奥田 英朗『リバー』

10年前、群馬県と栃木県それぞれの渡良瀬川河川敷で相次いで若い女性の死体が発見されたが、未解決のまま10年が経ち、再びそれと酷似する状況で事件が発生する。
という物語の始まりで、今度こそ事件を解決しなければならない両県警を中心に、10年前の容疑者を取り調べた元刑事や10年前に娘を殺された父親、県警担当の新人記者が事件を追い、10年前に容疑者となるも不起訴となった男や新たに捜査線上に浮かんだ男の恋人、変人犯罪心理学者などによるまさに圧巻の群像犯罪小説です。

年明けはコレにする!と決めて温存してたんですが、いやあ面白かった!。結構な質量(4センチありました)に相応しい読み応え!。

10年という長いスパンで5人の若い女性が殺される連続殺人という重大事件ではありますが、5人の素性を含め事件自体はこう言ってはなんですがシンプルで、群馬・栃木両県警に警察庁という捜査陣の間で権力争いすることもなく(そこには10年前の反省がある)、“元刑事”と“娘を殺された父親”のまさしく『狂気』をスパイスとしながらその捜査過程が描かれるだけの小説なのでもう一度この言葉を使うけど物語としてはほんと「シンプル」なんですよ。

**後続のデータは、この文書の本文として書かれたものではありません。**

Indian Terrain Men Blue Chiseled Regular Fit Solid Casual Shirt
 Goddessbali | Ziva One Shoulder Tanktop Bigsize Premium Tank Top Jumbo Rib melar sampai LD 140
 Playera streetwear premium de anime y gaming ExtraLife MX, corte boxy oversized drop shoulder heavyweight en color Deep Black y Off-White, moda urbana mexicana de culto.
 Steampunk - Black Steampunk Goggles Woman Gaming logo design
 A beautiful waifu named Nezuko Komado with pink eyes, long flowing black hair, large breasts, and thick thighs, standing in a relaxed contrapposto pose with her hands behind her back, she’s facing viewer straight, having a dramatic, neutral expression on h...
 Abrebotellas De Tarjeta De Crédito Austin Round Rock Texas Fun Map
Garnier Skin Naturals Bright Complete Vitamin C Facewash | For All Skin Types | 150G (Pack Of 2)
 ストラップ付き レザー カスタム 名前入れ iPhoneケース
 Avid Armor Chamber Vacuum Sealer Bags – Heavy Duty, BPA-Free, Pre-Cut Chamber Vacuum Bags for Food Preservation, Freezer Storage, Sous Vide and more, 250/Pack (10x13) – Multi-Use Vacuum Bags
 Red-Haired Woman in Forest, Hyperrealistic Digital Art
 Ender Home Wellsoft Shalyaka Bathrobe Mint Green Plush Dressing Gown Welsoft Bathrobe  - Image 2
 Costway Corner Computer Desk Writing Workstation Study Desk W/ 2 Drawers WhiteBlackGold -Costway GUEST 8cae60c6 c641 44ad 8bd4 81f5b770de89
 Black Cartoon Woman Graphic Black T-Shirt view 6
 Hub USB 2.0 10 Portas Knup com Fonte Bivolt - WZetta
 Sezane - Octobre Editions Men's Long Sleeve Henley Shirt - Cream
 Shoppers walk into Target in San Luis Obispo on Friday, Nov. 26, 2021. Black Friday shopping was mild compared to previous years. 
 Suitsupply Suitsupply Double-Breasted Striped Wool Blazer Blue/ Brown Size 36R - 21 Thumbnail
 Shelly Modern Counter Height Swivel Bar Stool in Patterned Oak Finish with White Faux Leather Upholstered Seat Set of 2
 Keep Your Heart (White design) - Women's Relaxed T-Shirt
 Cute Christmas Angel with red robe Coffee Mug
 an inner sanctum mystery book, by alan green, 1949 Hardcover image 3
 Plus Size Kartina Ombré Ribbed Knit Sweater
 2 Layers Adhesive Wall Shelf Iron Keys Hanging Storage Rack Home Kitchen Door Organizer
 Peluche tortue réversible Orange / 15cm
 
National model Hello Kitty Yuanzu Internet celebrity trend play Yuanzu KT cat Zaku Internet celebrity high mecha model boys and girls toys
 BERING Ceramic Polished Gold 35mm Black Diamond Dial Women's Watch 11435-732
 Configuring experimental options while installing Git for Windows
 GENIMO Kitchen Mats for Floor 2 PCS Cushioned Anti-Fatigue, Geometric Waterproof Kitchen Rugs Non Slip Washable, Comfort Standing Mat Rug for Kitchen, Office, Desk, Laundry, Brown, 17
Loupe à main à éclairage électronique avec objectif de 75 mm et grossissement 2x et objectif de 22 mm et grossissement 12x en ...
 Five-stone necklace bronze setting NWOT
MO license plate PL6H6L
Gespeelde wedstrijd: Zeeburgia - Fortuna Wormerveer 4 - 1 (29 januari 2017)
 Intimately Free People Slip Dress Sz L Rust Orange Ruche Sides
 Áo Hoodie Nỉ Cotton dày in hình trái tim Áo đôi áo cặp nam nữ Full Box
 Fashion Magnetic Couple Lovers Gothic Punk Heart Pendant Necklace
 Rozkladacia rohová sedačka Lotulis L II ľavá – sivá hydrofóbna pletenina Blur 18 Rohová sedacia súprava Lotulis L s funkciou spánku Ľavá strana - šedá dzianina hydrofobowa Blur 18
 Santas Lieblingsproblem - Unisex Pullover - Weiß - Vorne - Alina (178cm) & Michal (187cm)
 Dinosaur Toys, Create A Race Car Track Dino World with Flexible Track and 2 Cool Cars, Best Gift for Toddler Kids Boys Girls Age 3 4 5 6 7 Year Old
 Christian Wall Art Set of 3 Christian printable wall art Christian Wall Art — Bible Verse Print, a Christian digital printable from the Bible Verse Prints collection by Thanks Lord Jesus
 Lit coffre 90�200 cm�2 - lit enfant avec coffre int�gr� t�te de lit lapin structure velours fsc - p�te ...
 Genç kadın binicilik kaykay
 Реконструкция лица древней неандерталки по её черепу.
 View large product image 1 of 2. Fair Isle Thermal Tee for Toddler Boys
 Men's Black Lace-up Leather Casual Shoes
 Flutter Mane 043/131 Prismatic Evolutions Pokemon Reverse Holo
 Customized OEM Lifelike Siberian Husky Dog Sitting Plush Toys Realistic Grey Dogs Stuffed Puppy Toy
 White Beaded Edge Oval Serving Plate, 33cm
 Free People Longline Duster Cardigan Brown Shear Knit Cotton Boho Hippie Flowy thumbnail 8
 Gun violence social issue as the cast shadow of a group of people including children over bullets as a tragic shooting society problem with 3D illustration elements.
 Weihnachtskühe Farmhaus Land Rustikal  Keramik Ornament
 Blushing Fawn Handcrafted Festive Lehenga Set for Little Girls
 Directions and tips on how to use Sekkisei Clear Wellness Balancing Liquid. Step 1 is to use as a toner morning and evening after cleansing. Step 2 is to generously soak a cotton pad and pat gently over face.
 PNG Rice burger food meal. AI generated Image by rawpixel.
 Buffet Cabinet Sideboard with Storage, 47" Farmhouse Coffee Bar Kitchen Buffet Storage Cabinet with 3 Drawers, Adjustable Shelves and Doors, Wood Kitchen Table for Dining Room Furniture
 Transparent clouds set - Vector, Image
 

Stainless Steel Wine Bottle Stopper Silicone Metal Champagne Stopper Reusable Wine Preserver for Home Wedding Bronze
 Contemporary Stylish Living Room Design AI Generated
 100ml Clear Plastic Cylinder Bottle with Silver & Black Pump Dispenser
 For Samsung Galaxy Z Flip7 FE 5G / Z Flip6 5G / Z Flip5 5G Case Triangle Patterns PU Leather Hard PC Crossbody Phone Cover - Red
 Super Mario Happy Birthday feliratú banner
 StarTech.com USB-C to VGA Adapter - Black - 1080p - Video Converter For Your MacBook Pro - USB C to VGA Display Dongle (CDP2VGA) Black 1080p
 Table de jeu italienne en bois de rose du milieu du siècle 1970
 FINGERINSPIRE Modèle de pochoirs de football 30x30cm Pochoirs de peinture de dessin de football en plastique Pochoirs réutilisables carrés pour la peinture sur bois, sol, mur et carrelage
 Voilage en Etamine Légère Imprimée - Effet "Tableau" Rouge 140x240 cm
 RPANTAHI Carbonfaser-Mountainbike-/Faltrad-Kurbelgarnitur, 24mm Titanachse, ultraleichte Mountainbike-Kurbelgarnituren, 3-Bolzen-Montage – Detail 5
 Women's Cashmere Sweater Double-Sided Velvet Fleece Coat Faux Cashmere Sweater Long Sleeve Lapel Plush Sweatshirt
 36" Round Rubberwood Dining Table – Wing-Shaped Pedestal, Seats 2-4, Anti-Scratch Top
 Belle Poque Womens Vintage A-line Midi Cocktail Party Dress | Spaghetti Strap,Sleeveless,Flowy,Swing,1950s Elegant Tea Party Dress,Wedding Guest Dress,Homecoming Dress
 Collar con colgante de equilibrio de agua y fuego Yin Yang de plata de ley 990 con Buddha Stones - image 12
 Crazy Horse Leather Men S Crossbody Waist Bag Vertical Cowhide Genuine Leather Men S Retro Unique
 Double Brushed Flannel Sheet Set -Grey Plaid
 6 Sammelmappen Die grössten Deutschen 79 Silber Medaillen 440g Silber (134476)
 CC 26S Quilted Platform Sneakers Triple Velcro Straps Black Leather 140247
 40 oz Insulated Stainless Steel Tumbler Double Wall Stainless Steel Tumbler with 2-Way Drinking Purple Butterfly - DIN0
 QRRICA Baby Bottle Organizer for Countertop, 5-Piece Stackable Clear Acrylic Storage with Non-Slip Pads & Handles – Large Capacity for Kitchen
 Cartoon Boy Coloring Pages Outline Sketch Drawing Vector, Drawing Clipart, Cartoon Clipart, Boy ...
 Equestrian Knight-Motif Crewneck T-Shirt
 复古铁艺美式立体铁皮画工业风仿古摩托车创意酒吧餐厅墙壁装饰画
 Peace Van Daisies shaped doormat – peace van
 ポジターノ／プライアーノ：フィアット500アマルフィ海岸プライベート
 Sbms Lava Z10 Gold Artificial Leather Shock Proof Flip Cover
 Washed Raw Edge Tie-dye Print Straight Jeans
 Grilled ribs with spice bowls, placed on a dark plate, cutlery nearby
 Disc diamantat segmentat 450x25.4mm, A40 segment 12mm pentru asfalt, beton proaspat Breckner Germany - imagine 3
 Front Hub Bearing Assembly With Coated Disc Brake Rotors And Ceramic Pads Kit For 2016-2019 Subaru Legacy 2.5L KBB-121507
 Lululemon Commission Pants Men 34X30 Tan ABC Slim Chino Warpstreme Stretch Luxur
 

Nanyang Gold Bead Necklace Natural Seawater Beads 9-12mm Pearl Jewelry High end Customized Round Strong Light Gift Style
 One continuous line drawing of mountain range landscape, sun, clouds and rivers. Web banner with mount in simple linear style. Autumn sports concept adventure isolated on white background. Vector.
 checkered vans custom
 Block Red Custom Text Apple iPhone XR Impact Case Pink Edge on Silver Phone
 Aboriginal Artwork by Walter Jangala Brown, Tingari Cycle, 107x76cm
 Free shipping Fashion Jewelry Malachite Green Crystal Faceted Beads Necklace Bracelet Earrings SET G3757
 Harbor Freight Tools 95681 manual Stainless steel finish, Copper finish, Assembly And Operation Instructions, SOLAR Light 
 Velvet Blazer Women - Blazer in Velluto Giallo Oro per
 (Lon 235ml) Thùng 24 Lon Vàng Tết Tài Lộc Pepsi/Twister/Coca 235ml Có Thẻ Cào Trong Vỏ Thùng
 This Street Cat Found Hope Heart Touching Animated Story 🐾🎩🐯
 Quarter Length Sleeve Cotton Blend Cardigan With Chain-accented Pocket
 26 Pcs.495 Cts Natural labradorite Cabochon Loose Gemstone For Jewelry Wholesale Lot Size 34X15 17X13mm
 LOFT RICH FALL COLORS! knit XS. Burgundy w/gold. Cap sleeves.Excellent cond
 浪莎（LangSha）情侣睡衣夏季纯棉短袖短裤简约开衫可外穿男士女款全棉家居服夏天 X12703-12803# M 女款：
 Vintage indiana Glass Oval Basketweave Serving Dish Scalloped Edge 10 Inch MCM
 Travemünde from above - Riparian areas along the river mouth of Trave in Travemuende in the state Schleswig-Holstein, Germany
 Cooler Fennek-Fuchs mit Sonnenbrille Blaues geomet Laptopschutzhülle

と、途中まではそう思ってたんだけど、ラスト4分の1、章タイトル「決壊」から一気に事件は複雑化。
容疑者として3人の男が存在してるんだけど、これがまあそうくるか!と。
そこまでこれだけの分量を一気に読ませておいて、事件の「真相」をはっきりとは描かずこのラストシーンを持ってくるところがニクいぜコンチクショー!!。